Von Gauck erhalten sie nun eine Würdigung für ihre Arbeit: Kommunalpolitiker stärkten den Zusammenhalt, der oft verlorenzugehen drohe, so der ehemalige DDR-Bürgerrechtler, sie stifteten "Verbundenheit".

Plakat der AfD bei Pegida Demo in Mainz Foto: Arne Dedert/dpa)
Seit Monaten gehen Anhänger von Pegida und AfD auf die StraßeBild: picture-alliance/dpa/A. Dedert

Gauck: "Demokratie ertragen"

Selten habe er ein so großes Bedürfnis nach Diskussion erlebt wie in den vergangenen Monaten, erklärt der Bundespräsident. Die Kommunalpolitiker klatschen immer wieder, etwa als Gauck, ohne die PEGIDA-Bewegung, die seit Monaten in verschiedenen Städten gegen den Islam, Moscheen und die "Lügenpresse" protestiert, oder die Partei AfD beim Namen zu nennen, vor einer Radikalisierung warnt, die das öffentliche Klima bis in die Kommunen hinein vergiften könne.

Bei einigen Menschen habe sich ein Denken in "Freund-Feind-Bildern" breitgemacht, so Gauck, manche Kritiker "verbinden sich im Netz zu Wutgemeinschaften", sie fühlten sich nicht mehr von der Politik repräsentiert.

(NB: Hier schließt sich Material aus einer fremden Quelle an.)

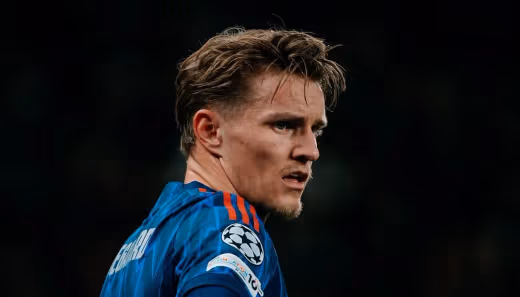 Martin Odegaard Konfirmasi Cedera Baru, Kabar Buruk bagi Arsenal Jelang Laga Kontra Man City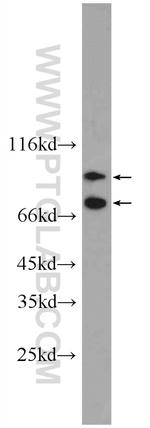 Complement factor B Antibody in Western Blot (WB)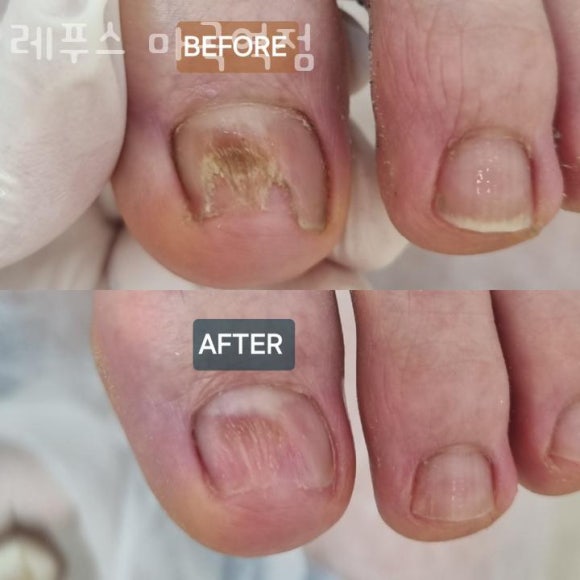 레푸스마곡 이미지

Manche benutzten Kampfbegriffen wie "System", einen Begriff, erklärt Gauck ernst, "der schon in der Weimarer Republik benutzt wurde, um die Demokratie zu unterhöhlen."

Trotzdem: Der Präsident mahnte zum Dialog: Es gebe eine Tendenz in Medien und Politik, Diskussionen lieber einzuhegen, "um das vermeintlich Falsche nicht zu fördern". Stattdessen seien "Gespräch und Geduld" nötig - wobei Gauck ausdrücklich hinzufügte, dass ein Dialog nur mit jenen möglich sei, die nicht den Verfassungsstaat in Frage stellten.

Spannungen ließen sich nur durch Gegenargumente und Offenheit lösen – und manchmal müssten Politiker nicht nur mehr Demokratie wagen, sondern auch "ertragen". Das Publikum klatscht.